## Task to complete
Tally how many lines in the data hold the word "front", and give the result with no other text.

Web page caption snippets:
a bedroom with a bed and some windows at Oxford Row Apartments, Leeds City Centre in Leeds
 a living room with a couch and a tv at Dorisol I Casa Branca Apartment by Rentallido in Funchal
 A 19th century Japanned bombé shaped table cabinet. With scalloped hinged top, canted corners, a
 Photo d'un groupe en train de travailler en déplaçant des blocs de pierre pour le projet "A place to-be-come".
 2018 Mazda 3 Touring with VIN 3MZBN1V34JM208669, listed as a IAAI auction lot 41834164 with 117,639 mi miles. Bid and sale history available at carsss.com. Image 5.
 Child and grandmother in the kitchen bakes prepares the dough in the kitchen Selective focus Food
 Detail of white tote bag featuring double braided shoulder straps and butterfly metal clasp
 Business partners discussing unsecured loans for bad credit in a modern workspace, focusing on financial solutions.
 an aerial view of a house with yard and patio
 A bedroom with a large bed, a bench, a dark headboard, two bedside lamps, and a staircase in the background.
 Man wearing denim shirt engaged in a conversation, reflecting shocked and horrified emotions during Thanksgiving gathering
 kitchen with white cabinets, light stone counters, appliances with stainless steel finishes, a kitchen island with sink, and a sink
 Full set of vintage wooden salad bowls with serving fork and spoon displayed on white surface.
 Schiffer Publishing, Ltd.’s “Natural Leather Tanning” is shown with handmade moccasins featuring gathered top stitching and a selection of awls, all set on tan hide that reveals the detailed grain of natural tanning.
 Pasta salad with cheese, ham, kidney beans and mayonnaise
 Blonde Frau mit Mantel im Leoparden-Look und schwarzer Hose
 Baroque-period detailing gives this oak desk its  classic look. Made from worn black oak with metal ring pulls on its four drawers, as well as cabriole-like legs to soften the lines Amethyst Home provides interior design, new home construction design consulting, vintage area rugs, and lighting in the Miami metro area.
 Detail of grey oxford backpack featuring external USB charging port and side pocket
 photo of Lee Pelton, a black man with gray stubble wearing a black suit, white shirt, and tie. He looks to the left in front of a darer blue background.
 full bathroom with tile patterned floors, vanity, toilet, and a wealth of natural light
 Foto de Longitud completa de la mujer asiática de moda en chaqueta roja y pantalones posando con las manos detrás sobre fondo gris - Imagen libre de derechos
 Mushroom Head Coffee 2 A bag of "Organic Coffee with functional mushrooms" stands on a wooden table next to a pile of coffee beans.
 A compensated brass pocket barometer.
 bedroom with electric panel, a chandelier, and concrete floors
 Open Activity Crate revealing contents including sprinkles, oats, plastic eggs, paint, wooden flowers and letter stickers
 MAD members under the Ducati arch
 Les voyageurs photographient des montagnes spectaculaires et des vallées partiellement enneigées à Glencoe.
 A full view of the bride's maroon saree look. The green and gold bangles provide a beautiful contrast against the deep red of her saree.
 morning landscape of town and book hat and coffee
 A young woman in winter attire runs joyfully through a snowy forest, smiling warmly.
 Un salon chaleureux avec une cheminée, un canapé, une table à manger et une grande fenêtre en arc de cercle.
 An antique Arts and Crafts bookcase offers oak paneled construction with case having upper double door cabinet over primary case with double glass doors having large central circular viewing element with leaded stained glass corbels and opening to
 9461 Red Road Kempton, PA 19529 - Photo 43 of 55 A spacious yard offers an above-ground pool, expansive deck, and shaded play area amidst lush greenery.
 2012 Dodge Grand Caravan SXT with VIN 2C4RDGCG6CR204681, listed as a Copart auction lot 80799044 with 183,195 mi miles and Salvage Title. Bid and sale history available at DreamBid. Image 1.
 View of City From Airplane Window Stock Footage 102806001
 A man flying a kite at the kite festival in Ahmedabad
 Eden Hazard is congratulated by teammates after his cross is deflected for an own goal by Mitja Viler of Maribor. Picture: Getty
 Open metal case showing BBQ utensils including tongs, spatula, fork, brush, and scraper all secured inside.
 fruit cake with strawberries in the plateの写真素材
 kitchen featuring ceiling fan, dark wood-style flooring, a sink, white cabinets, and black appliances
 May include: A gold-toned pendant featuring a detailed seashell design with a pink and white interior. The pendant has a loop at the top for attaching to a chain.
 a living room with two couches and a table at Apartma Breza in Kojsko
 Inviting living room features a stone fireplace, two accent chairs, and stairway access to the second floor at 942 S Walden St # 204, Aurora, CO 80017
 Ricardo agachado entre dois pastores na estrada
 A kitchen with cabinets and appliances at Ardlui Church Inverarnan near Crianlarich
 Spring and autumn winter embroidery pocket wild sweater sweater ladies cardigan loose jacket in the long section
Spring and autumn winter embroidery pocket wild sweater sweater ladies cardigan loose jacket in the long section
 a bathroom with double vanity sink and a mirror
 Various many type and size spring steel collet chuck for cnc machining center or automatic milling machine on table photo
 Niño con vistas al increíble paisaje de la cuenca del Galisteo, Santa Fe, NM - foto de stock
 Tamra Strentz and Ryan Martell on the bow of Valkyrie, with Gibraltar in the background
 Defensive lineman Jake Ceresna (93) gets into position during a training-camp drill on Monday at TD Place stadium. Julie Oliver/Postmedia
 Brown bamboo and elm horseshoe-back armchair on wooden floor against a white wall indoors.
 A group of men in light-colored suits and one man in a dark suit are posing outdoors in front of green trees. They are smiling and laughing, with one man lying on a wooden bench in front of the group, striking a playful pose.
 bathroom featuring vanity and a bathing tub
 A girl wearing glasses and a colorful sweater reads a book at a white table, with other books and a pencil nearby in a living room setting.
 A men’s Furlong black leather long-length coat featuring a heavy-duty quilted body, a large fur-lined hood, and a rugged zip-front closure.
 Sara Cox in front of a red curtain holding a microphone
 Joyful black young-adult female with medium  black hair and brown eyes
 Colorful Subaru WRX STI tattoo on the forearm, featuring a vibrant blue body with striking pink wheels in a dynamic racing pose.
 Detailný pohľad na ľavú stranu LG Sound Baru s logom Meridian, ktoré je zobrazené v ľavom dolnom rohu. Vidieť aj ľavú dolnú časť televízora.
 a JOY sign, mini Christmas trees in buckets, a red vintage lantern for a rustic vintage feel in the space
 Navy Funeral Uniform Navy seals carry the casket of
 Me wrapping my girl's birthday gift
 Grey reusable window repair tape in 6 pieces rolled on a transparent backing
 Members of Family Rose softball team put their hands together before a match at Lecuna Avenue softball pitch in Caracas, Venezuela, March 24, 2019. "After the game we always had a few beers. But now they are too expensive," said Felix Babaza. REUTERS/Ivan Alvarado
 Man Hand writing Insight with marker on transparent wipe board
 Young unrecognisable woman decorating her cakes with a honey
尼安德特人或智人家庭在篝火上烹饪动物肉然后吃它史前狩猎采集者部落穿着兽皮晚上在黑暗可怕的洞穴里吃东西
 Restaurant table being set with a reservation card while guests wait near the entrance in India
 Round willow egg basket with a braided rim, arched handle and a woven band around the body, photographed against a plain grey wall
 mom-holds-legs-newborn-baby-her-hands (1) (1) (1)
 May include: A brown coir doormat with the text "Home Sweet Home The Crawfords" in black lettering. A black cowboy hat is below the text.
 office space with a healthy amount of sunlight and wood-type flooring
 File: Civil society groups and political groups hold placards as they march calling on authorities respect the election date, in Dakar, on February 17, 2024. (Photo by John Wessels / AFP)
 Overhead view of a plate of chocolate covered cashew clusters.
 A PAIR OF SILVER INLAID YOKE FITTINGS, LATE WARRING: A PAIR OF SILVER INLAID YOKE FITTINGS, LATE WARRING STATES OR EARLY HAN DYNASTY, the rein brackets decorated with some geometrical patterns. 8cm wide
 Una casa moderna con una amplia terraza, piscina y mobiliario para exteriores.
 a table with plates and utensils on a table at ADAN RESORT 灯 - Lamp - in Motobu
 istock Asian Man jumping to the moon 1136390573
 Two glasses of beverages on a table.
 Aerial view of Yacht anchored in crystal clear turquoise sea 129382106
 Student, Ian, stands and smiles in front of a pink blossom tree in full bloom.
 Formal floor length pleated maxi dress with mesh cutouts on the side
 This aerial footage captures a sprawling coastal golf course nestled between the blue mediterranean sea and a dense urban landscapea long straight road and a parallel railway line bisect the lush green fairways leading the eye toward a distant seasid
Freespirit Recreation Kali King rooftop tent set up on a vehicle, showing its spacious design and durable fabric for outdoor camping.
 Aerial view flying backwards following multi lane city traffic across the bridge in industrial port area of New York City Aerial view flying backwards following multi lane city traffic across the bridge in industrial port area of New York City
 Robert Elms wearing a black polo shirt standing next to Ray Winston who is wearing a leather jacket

## Written solution
5